A break from the recent trend overnight with bond yields lower, equities higher, and the USD a touch softer. The US 10yr yield declined ~7bps (now 4.73%), while the 2yr rate fell ~10bps (now 5.05%) after an underwhelming US ADP employment report raised some doubts about the extent of future US Fed rate hikes. The probability of another Fed rate rise by year-end has eased to ~43% (from ~53%). According to ADP firms added just 89,000 jobs in August. This was the lowest since early-2021. There are differences between how the ADP and non-farm payrolls figures (which are released on Friday) are calculated, and so the ADP report can give a false read on how payrolls may pan out. But the step down does support our thinking outlined yesterday that markets look to have over-reacted to the JOLTS job openings data a few days ago given various underlying components didn’t match the improvement in the headline result. Elsewhere, the US ISM services index also dipped back in September. Although the gauge remains in ‘expansionary territory’, at 53.6 it is below average and the steep drop in ‘new orders’ points to a loss of momentum over coming months.

The pull-back in yields gave equity markets a boost. The S&P500 increased 0.8%, with the tech-focused NASDAQ outperforming (+1.4%). A large fall in the oil price also helped sentiment and weighed a bit on bond yields given the reduced pressure on headline inflation this can generate. WTI crude oil fell ~5% to ~US$84.70/brl, a 1-month low. Concerns about the demand outlook and reports Russia may end its ban on diesel exports look to be behind the moves. In FX, the USD index drifted back slightly with EUR ticking back above ~$1.05, GBP rising towards ~$1.2150, and USD/JPY hovering near ~149. AUD has edged up modestly (+0.4% to ~$0.6327), while USD/SGD has consolidated near multi-month highs (now ~1.3716).

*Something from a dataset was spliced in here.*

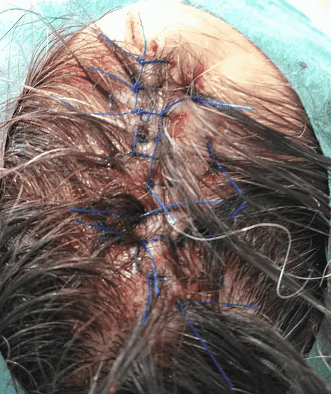 Surgical stitches on a scalp wound.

Outcomes compared to expectations drive markets, and the run of better-than-anticipated US data over the past couple of months at a time the growth pulse in the other major economies was weakening, helped propel the USD higher. However, as our chart shows, US data has started to undershoot more optimistic predictions with the spread between US and non-US ‘data surprises’ narrowing. We believe this can continue over the period ahead. In our opinion, a lot of positives now look to be baked into the USD. And based on current elevated levels and market positioning we think there could be a larger and more negative reaction in US yields and the USD if Friday’s non-farm payrolls data disappoints.

AUD corner

The AUD has clawed back a little ground over the past 24hrs, rising by ~0.4% to ~$0.6327. The slightly softer USD on the back of lower bond yields following the drop in the oil price and weaker US ADP employment data, and rebound in equities has given the AUD a bit of support (see above). The AUD has also nudged up on some of the crosses rising by 0.6% against the JPY and CAD, and 0.4% relative to CNH.

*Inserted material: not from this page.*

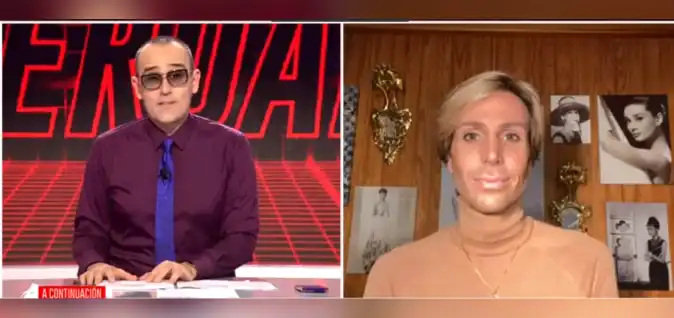 “Tudo é verdade”: Perdi a conta, já fui operado cerca de 40 vezes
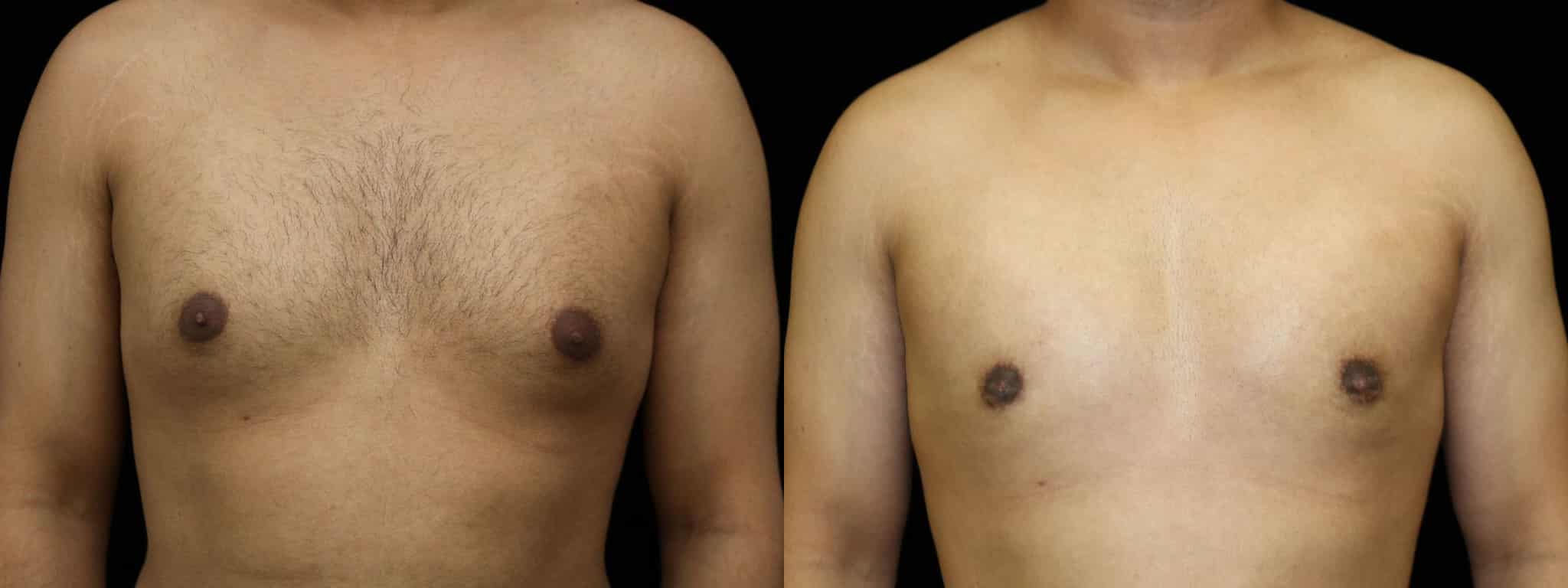 Gynecomastia Patient 20 Before & After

US initial jobless claims are released tonight (11:30pm AEDT), but the next scheduled major event for markets and the AUD will be the US non-farm payrolls report (Friday 11:30pm AEDT). As outlined above, we believe there are asymmetric risks around the USD (and in turn the AUD) to the incoming US data. With a ‘higher for longer’ US interest rate outlook now looking well priced in and bond yields very high, we believe a bigger and more negative USD (positive AUD) reaction could stem from weaker US employment data. This is inline with our underlying thoughts that down near current low levels a lot of ‘bad news’ looks to be factored into the AUD and that there are uneven medium-term risks from here (Market Musings: AUD: Always darkest before the dawn). Indeed, since 2015, the AUD has only traded sub ~$0.63 around ~1% of the time. In addition to the USD looking vulnerable to weaker US data, as flagged over the past week, AUD positioning indicators are starting to look stretched, and after a negative period between August-early October, seasonal forces are typically more AUD supportive in the later part of the year (see Market Musings: History doesn’t repeat, but…). As our chart shows, while the levels are slightly different, the AUD has been following a similar pattern to its average movements from the past ~20-years.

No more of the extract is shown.